Veröffentlicht inWirtschaft

Die neue Lust auf Wurst

Die neue Lust auf Wurst

0025741920-0055049141.JPG
Foto: Marlo Scheder-Bieschin

Essen. Es geht um die Wurst. Mal hat man sie schlechtgeredet, mal schlecht gemacht. Schade drum. Eine Einladung zur Wiederentdeckung einer oft verkannten Größe unserer Esskultur. Ein Gespräch über Dinge, von denen man sich eine Scheibe abschneiden kann.

Genießer pilgern zu ihm. „Der Feinschmecker” zählt seine Würste zu den besten Deutschlands. Dabei steht Marcus Bauermann am liebsten in seiner Rügener Wurstküche und arbeitet. Lars von der Gönna sprach mit dem leidenschaftlichen Metzger und Genießer über Dinge, von denen man sich eine Scheibe abschneiden kann.

Um eine Gemeinheit Bismarcks zu zitieren: „Je weniger die Leute wissen, wie Würste und Gesetze gemacht werden, desto besser schlafen sie!”

Bauermann: Guter Spruch, aber so arg ist es nicht. Eigentlich haben die deutschen Metzger es gar nicht nötig, irgendwas zu verbergen.

Bismarck meinte wohl eher unappetitliche Zutaten…

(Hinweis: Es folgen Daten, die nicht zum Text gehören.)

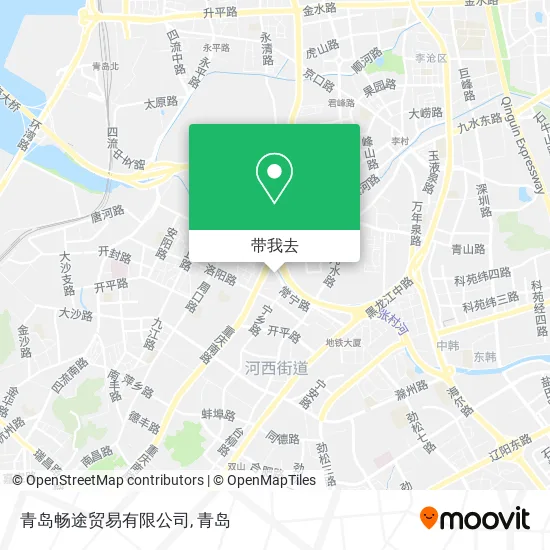 青岛畅途贸易有限公司地图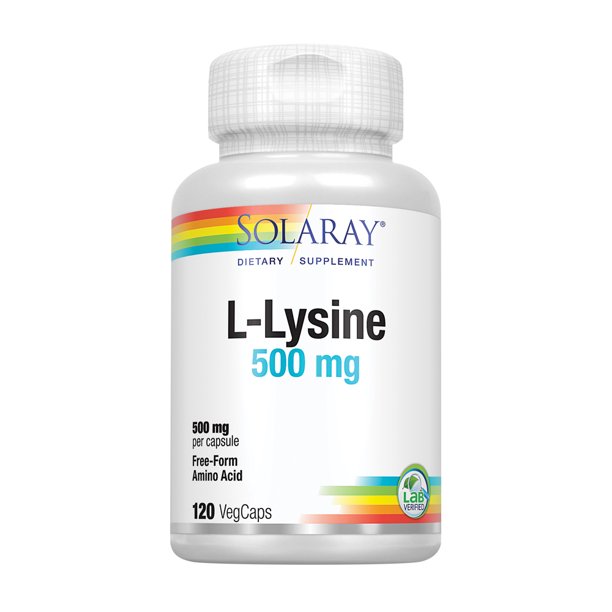 Solaray LLysine 500mg Amino Acid Healthy Cognitive, Immune System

Bauermann: Es gibt ein paar Dinge, die kommen, Legenden zum Trotz, niemals in die Wurst. Augen zum Beispiel. Ansonsten muss man sagen: Am Tier gibt es keine „Abfälle”. Alles ist für etwas gut – ein guter Metzger weiß das und arbeitet so.

Sind gute Metzger selten?

Bauermann: Es gibt viele Gute. Aber es gibt auch die, die das Interesse verloren haben. Natürlich unterliegen wir alle der Ökonomie. Wenn ein Kollege eine Wurst nicht in Ruhe reifen lässt, sondern das durch einen Zusatzstoff beschleunigt, muss er weniger Kapital aufwenden. Aber ich finde: Gut Ding will Weile haben.

Während uns Cholesterin-Päpste den Untergang prophezeien, singen Sie das Hohelied des fetten Specks…

Bauermann: Es gibt eine irre, meiner Meinung nach doofe Bewegung in Deutschland, die hat Essen mit Gesundheit gleichgesetzt. Das ist absurd. Essen ist Nahrung. Man isst, um satt zu werden, nicht, um ein Heilmittel zu sich zu nehmen. Außerdem ist Fett ein Geschmacksträger. Ich möchte keine kalorienarme Wurst machen. Weil mit jedem Gramm Fett weniger da die Zusatz- und Ersatzstoffe reinwandern. Ich will meinen Körper nicht verarschen und Dinge aus Lebensmitteln verbannen, die total natürlich und nützlich sind. Zusatzstoffe brauchen wir nicht. Der Werbungsterror verbietet es uns ja regelrecht, geradeaus zu leben. Früher haben wir das Essen gejagt, jetzt jagt das Essen uns! Das ist einer der Gründe, warum ich seit sieben Jahren keinen Supermarkt betreten habe. Und es geht wunderbar.

Sie stammen aus den neuen Bundesländern. Was war für Sie vor 1989 anders?

Bauermann: Wissen Sie, ich bin echt der Letzte, der den Sozialismus zurück will, aber dass die Menschen in der DDR weniger profitorientiert gedacht haben, das hatte auch gute Seiten. Aus dem Material, was wir hatten, haben wir wirklich das Beste herausgeholt. Wenn echter Pfeffer kam, war das für Metzger ein Fest. Oft reichte er nicht bis zum Ende des Monats. Umso mehr staune ich, dass viele Kollegen jetzt fertige Aromamischungen nehmen. Ich wäre ja wahnsinnig, wenn ich in diesem Gewürz-Paradies Fertiggewürze nähme.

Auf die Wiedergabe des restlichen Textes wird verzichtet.